WRIGHT, Circuit Judge (dissenting):

Admitting the acts charged against him, the defendant nevertheless moved, unsuccessfully, to withdraw his plea of guilty1 and go to trial. On allocution, he stated that he stole because he was poor, in order to provide necessary medical care for his pregnant wife.2 The defendant is not articulate, but his claim seems to make him out as a modern Jean Valjean, who was convicted of burglary for stealing bread for his starving children.

At the time of his motion to withdraw his guilty plea, the defendant here had not been sentenced.3 And it appears that, had the motion been granted, the Government would have suffered no prejudice. Thus I would have thought that, under the circumstances, the defendant should have been allowed to withdraw his guilty plea as a matter of course.4

But Judge Burger's scholarly opinion has demonstrated that the cases have established a different standard. And the Supreme Court has recently spoken in a case where, as here, the defendant admitted the acts charged;5 it applied the rule that while he may properly withdraw a guilty plea prior to sentencing, there must be some good reason for allowing him to do so.6 Thus the issue framed for us is whether sufficient reason exists to withdraw the plea when the defendant claims mitigating circumstances and apparently seeks to have the jury pass, not on the issue of the historical facts charged, but on the issue of culpability.

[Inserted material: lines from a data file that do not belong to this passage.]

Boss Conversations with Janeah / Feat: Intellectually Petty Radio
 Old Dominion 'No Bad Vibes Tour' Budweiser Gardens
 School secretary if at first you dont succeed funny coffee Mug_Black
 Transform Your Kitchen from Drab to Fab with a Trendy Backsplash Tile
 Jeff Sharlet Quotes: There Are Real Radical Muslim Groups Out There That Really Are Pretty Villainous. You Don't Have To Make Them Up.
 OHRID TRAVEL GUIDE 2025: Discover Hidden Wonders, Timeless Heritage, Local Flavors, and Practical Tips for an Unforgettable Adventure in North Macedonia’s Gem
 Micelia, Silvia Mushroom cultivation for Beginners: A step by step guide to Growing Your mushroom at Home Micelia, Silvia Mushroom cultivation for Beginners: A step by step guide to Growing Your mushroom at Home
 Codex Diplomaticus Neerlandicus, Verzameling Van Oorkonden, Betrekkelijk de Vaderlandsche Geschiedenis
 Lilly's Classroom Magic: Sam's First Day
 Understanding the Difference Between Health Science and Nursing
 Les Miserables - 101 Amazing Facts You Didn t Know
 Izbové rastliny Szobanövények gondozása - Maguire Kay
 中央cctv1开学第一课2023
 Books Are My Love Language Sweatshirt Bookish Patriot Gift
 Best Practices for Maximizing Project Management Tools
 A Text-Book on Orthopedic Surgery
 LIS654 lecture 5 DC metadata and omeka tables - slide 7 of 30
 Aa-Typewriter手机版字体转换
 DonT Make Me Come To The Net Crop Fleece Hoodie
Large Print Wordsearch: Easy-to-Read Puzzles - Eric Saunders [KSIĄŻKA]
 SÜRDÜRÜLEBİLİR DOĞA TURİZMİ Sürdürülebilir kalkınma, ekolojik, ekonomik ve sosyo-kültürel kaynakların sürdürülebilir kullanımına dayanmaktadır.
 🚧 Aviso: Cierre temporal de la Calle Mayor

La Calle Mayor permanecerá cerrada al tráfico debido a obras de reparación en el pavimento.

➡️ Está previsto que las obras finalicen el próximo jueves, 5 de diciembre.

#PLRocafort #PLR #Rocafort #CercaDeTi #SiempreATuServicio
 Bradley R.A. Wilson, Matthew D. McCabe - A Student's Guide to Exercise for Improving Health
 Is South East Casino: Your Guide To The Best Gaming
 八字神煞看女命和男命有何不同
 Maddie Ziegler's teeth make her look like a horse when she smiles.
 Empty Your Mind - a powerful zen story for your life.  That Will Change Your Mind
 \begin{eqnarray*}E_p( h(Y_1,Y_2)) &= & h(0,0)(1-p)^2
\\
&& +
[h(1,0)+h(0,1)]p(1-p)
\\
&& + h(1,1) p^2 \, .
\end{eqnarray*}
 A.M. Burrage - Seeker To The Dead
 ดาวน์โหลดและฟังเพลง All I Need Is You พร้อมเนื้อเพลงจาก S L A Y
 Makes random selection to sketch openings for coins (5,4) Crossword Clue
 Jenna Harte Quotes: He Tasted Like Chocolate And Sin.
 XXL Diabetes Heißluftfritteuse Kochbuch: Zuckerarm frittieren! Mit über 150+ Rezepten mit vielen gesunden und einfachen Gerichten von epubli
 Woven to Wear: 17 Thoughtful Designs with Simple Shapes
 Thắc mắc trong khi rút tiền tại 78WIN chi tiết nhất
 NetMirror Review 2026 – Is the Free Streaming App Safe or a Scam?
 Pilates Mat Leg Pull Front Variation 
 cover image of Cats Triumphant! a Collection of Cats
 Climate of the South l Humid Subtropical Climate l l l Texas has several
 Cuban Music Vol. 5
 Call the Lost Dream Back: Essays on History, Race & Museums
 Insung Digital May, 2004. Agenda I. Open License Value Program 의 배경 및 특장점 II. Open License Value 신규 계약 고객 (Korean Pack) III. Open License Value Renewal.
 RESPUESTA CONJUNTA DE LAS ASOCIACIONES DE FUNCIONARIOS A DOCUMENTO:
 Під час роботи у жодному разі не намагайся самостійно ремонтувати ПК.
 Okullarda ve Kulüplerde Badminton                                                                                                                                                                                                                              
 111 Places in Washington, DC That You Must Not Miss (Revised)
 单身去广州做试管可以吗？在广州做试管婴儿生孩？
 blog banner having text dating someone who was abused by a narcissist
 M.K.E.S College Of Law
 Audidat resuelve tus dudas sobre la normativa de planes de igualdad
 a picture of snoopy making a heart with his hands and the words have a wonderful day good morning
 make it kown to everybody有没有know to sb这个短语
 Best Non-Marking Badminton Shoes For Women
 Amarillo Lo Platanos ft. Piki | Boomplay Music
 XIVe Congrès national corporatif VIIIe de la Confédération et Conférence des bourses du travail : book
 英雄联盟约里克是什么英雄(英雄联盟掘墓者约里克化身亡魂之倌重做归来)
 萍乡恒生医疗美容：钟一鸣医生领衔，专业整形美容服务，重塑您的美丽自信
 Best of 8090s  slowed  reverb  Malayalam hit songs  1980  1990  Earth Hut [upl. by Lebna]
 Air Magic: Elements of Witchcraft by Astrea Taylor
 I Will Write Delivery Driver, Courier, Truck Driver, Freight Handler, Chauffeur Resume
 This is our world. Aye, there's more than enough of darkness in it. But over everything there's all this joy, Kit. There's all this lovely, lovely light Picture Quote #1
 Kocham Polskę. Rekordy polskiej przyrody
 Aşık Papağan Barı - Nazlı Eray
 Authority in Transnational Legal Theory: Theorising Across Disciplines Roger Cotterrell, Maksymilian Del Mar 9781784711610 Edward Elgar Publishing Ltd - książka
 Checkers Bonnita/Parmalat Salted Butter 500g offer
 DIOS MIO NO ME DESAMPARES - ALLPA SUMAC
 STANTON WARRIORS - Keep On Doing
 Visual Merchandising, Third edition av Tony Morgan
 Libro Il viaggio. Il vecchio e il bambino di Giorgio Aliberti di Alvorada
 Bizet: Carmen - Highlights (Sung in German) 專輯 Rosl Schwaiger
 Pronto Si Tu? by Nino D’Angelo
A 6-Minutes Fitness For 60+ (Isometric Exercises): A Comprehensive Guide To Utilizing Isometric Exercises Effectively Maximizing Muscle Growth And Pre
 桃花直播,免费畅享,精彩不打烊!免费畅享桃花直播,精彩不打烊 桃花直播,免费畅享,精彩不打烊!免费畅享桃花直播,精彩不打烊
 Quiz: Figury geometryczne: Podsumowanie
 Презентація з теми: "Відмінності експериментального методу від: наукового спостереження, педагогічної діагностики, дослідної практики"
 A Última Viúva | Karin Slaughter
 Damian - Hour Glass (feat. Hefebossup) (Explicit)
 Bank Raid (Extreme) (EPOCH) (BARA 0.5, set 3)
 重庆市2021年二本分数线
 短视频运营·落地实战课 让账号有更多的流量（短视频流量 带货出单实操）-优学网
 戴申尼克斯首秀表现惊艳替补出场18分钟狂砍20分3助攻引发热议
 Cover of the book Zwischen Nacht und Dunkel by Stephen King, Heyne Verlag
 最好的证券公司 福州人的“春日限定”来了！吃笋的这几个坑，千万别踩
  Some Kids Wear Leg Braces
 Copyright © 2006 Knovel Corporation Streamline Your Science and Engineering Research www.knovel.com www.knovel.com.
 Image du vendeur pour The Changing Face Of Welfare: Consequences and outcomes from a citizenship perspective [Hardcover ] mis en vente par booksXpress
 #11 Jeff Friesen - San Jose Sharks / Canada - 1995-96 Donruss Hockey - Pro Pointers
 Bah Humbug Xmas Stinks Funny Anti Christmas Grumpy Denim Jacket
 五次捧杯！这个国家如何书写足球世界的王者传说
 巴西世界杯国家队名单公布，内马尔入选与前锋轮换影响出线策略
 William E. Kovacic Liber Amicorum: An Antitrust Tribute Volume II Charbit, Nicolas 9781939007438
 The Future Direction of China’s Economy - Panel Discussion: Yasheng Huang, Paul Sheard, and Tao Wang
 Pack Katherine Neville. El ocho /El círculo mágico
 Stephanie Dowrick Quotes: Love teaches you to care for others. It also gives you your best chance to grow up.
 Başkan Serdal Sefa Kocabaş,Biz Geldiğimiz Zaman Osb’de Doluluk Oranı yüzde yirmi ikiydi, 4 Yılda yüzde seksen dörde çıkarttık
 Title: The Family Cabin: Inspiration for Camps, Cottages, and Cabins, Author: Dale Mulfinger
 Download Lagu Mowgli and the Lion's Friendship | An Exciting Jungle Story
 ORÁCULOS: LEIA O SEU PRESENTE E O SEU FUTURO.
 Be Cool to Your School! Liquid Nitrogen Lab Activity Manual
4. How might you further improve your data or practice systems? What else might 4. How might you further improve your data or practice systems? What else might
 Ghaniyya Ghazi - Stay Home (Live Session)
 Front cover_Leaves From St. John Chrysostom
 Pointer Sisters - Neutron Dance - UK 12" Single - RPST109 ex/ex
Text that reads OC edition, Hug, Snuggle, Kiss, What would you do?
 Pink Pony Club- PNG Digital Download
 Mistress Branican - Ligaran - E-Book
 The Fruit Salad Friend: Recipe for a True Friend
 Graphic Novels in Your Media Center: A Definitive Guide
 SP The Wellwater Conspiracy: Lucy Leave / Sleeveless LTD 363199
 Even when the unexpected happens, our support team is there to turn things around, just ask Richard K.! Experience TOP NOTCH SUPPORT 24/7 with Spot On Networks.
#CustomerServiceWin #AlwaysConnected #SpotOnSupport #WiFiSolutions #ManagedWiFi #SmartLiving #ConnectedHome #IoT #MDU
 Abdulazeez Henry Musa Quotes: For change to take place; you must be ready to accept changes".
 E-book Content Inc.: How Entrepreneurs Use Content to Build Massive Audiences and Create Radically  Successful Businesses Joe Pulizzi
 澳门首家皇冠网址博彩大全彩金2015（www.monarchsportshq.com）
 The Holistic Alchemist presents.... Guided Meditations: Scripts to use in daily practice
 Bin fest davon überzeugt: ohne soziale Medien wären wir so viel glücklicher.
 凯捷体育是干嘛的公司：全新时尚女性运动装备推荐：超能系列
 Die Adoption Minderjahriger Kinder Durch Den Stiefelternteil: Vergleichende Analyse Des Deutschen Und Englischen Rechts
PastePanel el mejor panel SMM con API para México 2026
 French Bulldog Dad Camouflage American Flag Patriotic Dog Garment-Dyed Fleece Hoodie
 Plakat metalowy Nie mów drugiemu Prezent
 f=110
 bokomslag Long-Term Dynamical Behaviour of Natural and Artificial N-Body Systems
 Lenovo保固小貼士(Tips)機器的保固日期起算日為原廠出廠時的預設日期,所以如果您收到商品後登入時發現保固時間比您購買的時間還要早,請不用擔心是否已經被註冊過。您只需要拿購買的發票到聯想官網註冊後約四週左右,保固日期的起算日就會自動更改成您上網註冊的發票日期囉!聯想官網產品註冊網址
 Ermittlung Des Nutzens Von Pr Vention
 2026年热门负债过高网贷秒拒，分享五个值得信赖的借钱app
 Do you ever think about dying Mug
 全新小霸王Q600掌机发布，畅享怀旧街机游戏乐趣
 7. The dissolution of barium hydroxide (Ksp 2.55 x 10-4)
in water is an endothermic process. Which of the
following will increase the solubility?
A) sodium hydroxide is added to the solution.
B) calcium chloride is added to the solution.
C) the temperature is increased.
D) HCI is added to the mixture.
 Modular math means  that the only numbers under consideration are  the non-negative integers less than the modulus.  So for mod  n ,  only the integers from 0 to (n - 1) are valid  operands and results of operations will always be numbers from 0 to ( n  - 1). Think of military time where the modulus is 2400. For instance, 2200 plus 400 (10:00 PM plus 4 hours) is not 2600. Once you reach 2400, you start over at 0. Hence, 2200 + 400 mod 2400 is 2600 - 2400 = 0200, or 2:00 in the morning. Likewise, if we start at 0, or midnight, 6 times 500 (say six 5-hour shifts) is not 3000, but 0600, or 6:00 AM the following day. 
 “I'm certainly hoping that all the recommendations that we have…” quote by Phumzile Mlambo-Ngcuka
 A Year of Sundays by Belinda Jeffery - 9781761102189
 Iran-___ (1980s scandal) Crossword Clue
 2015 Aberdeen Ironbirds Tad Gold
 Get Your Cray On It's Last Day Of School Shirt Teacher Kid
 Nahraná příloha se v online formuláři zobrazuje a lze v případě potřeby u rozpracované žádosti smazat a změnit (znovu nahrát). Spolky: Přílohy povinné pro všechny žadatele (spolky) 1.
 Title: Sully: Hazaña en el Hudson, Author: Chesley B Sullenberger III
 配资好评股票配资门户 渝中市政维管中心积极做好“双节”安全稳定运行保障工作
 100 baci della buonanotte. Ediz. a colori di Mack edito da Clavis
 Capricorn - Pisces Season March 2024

Our juries properly pass on the culpability of the accused. An element of the crime charged is mens rea, and if the jury cannot find that that state of mind existed in the accused, it must acquit. Thus, in the extreme instance, a verdict of not guilty by reason of insanity is tantamount to a finding of "proved" on the Government's charge concerning certain events, but a finding of "not culpable" on the defendant's claim concerning his state of mind. A verdict of "not guilty" may have a similar meaning; when the defenses of self-defense, privilege or excuse are raised, for example, a jury may find that the deed was done, but that the man is no criminal. Indeed, it has been recognized as an "elementary principle of justice" that "when a man's life or liberty is at stake he should be adjudged according to his personal culpability as well as by the objective seriousness of the crime." Fisher v. United States, 328 U.S. 463, 492, 66 S.Ct. 1318, 90 L.Ed. 1382 (1946) (dissenting opinion of Mr. Justice Murphy).